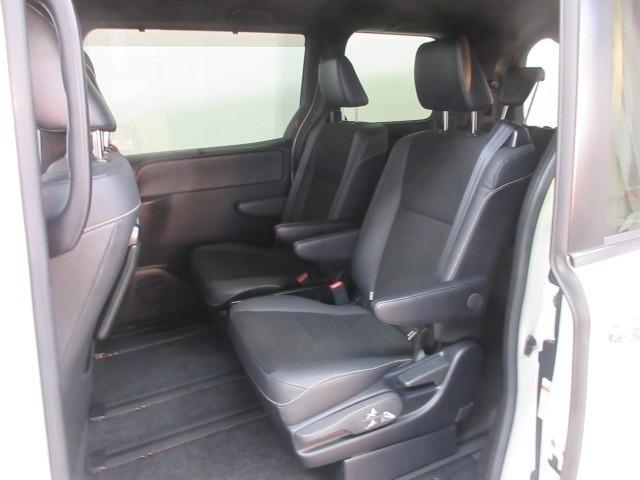 ノア Ｓｉ　ダブルバイビーＩＩＩ　フルセグ　メモリーナビ　ＤＶＤ再生　バックカメラ　衝突被害軽減システム　ＥＴＣ　両側電動スライド　ＬＥＤヘッドランプ　乗車定員７人　３列シート　アイドリングストップ（23枚目）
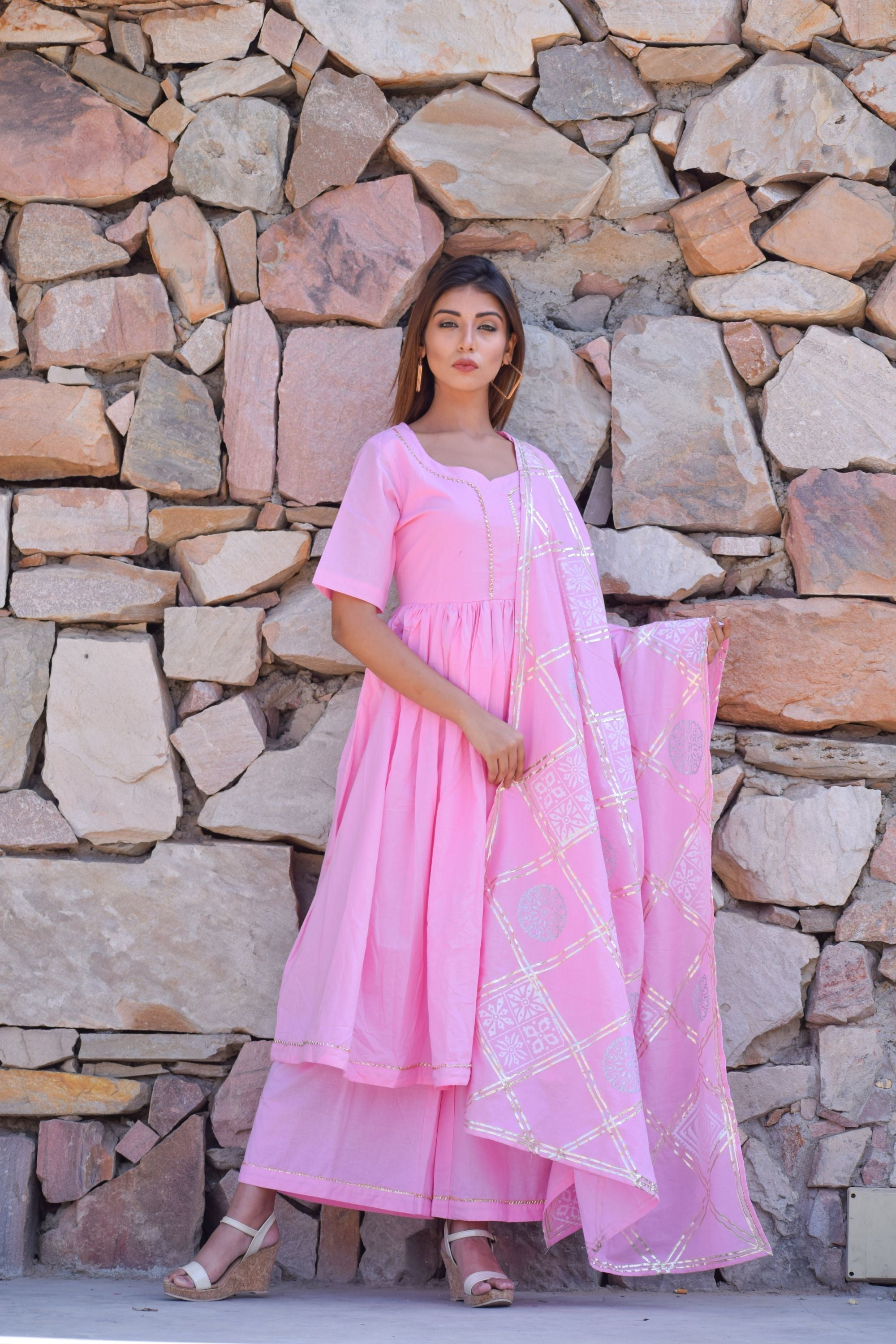Women's Blue-Pink  Kurta Set With Hand Block Printed Dupatta Set - Saras The Label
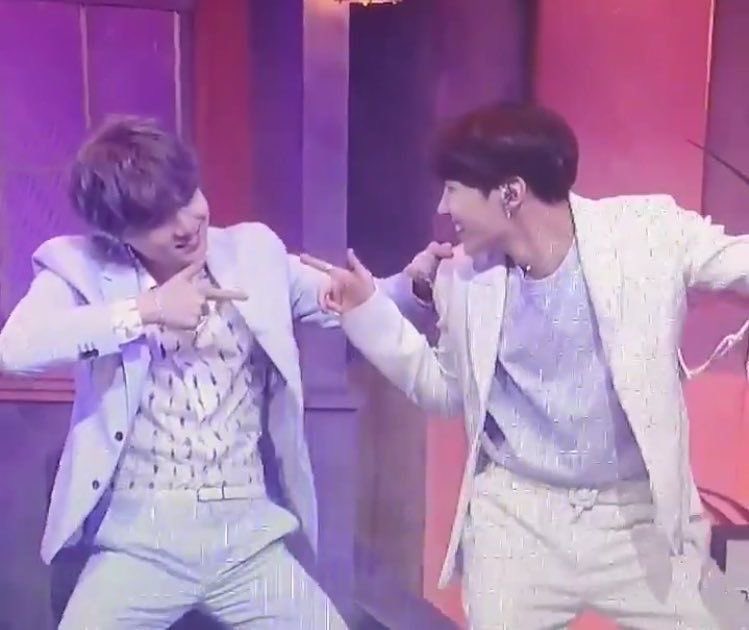 dile⁷ 🪭 new fic 📌 seeing bts vip x3 tweet media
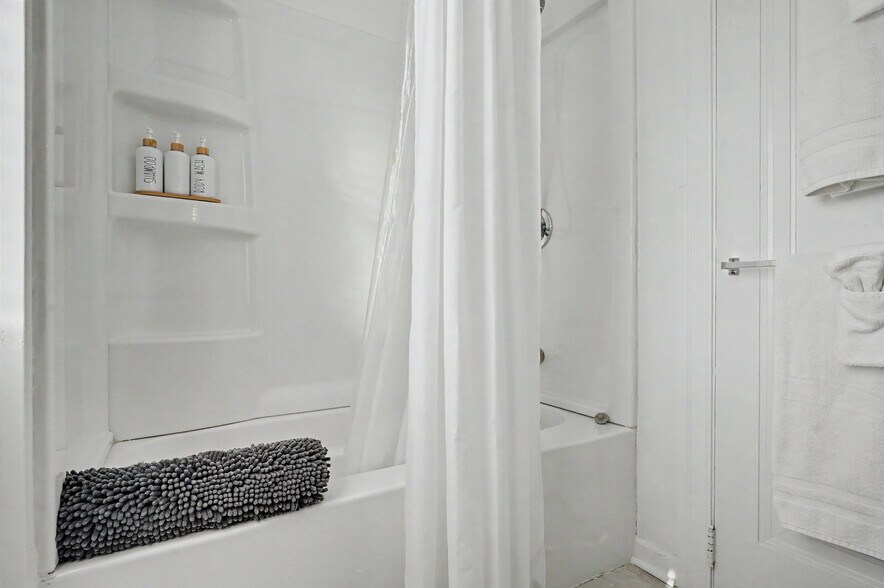 More Photos Of 9248 Woodworth Rd, North Lima Apartments For Sale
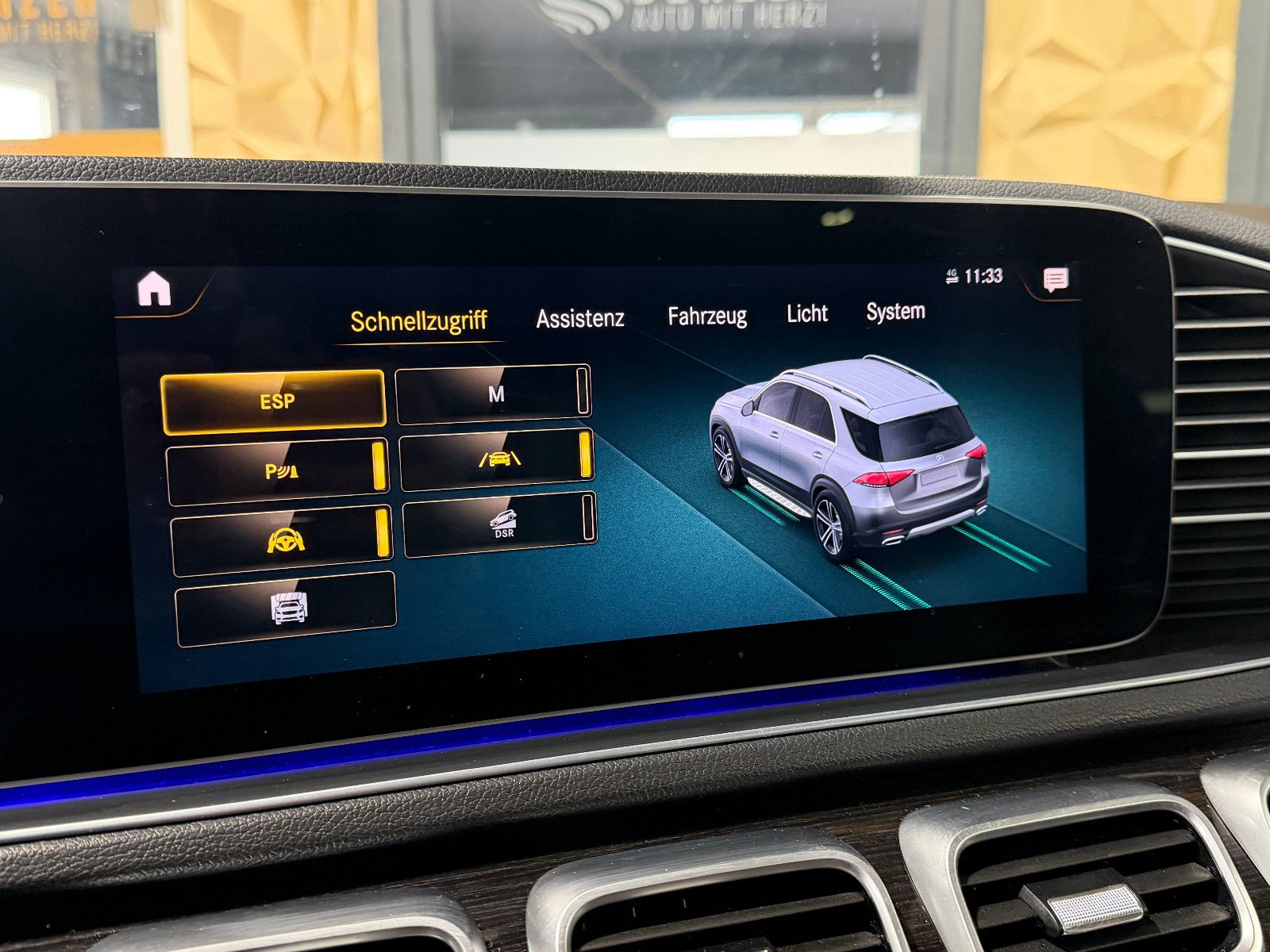 Fahrzeugabbildung Mercedes-Benz GLE 450 /AMG/PANO/BURMESTER/360°/AMBIENTE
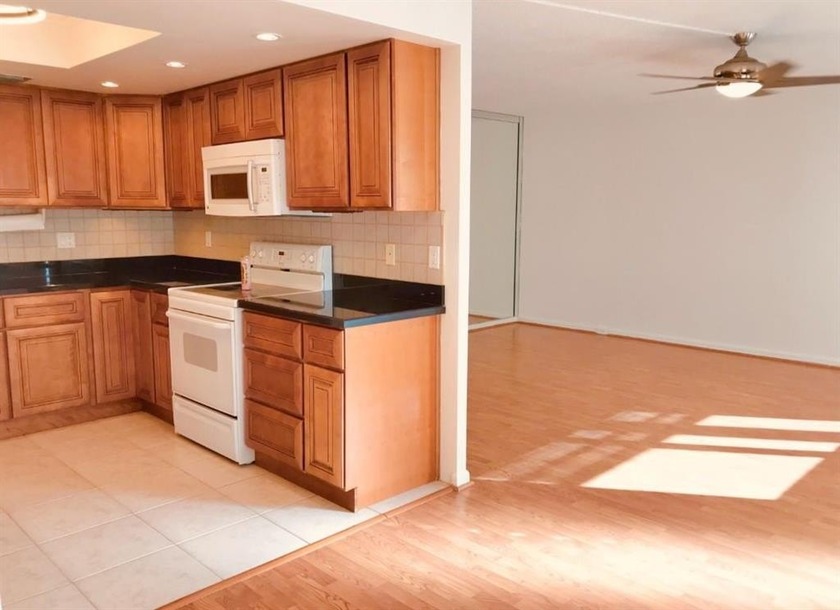 Look no further--you've found it! This bright and clean - Beach Condo for sale in Deerfield Beach, Florida on Beachhouse.com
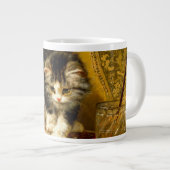 毛筆絵を描付きの子猫 ジャンボコーヒーマグカップ (正面右)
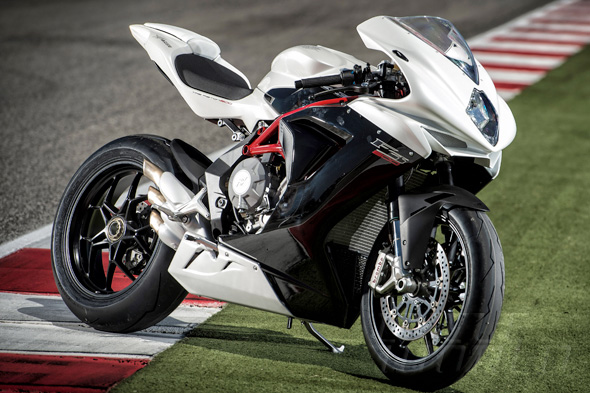 Front 3/4 view of 2014 MV Agusta F3 800 (color: Pearl White/Black)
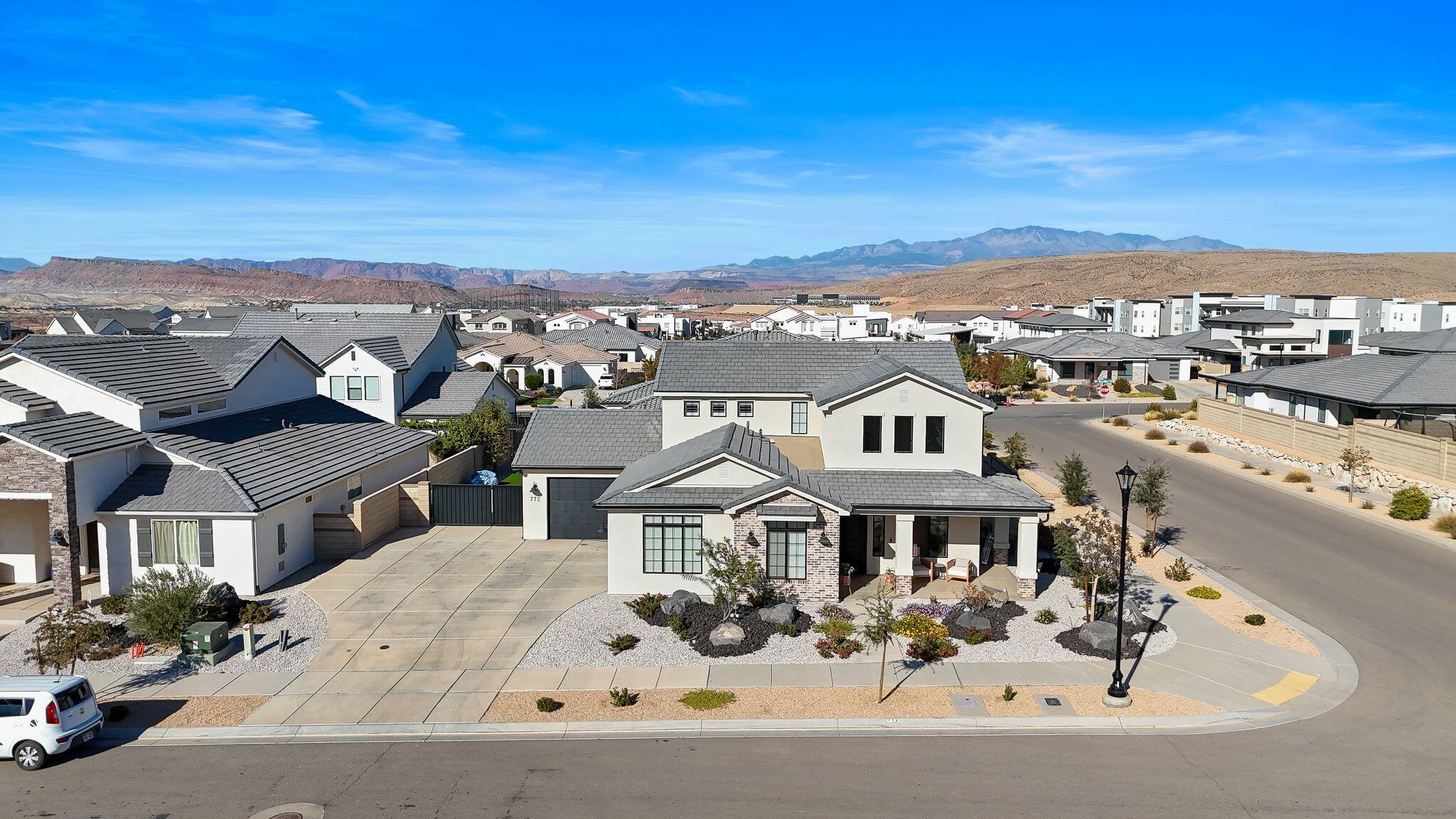 AUBURN HILLS - Residential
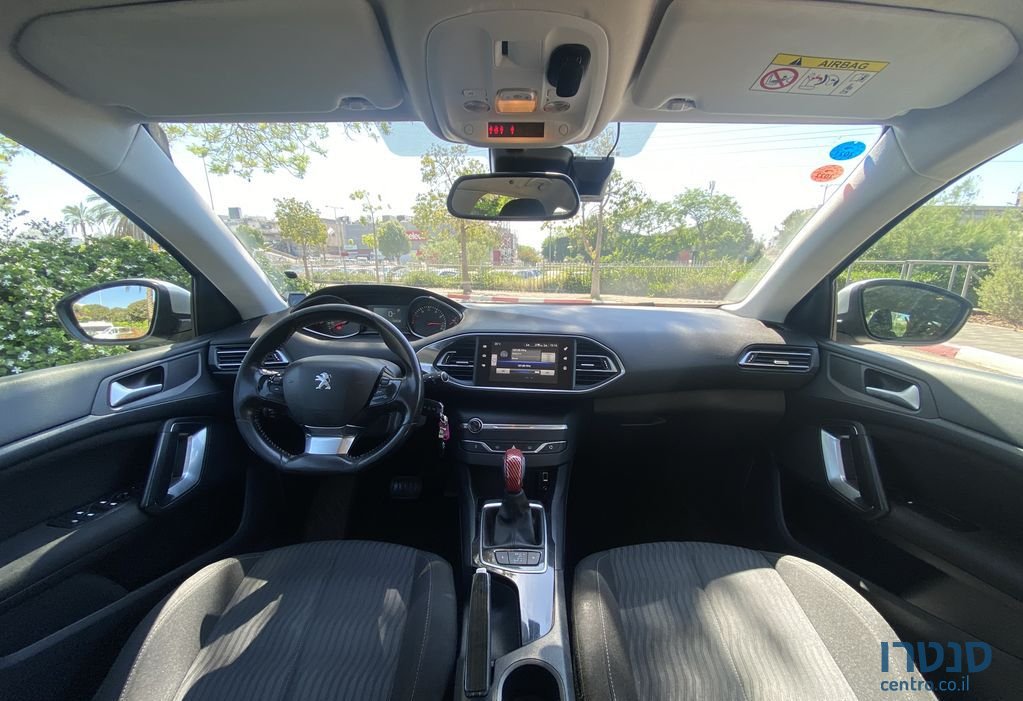 2015' Peugeot 308 פיג'ו photo #5
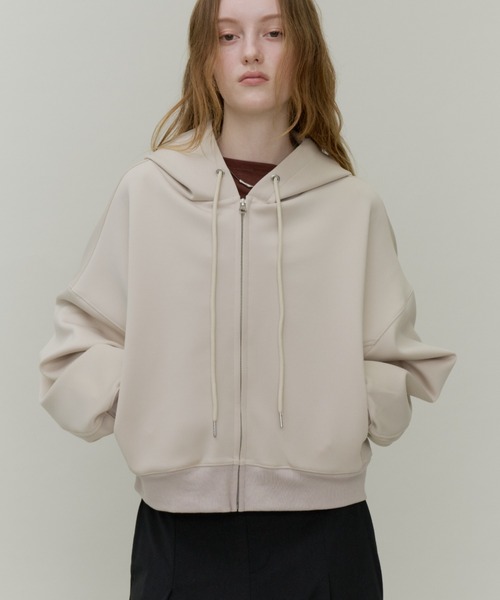 Plumel(プルメル)の「Volume Zip Short Ponte Hoodie / ポンチボリュームZIPショートパーカー(パーカー・レディース・ブラウン/ダークグレー/アイボリー・MEDIUM)」の1枚目の写真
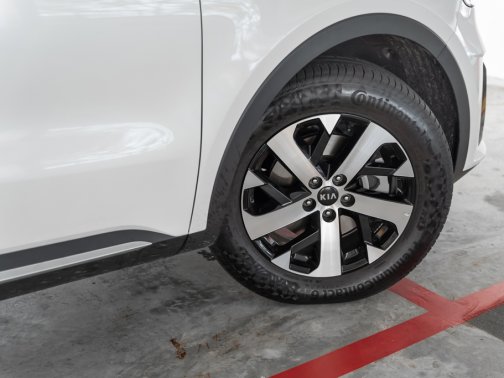 https://i.i-sgcm.com/new_cars/cars/12769/12769_g26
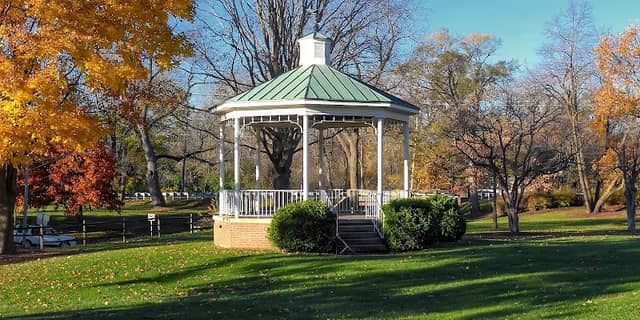Lake Bluff Village Green - Image 2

_REQUIRED ACTION_
Write out each entry above once more, exactly as written, and drop the pictures.

_EXERCISE RESPONSE_
 ノア Ｓｉ　ダブルバイビーＩＩＩ　フルセグ　メモリーナビ　ＤＶＤ再生　バックカメラ　衝突被害軽減システム　ＥＴＣ　両側電動スライド　ＬＥＤヘッドランプ　乗車定員７人　３列シート　アイドリングストップ（23枚目）
Women's Blue-Pink  Kurta Set With Hand Block Printed Dupatta Set - Saras The Label
 dile⁷ 🪭 new fic 📌 seeing bts vip x3 tweet media
 More Photos Of 9248 Woodworth Rd, North Lima Apartments For Sale
 Fahrzeugabbildung Mercedes-Benz GLE 450 /AMG/PANO/BURMESTER/360°/AMBIENTE
 Look no further--you've found it! This bright and clean - Beach Condo for sale in Deerfield Beach, Florida on Beachhouse.com
 毛筆絵を描付きの子猫 ジャンボコーヒーマグカップ (正面右)
 Front 3/4 view of 2014 MV Agusta F3 800 (color: Pearl White/Black)
 AUBURN HILLS - Residential
 2015' Peugeot 308 פיג'ו photo #5
 Plumel(プルメル)の「Volume Zip Short Ponte Hoodie / ポンチボリュームZIPショートパーカー(パーカー・レディース・ブラウン/ダークグレー/アイボリー・MEDIUM)」の1枚目の写真
 https://i.i-sgcm.com/new_cars/cars/12769/12769_g26
Lake Bluff Village Green - Image 2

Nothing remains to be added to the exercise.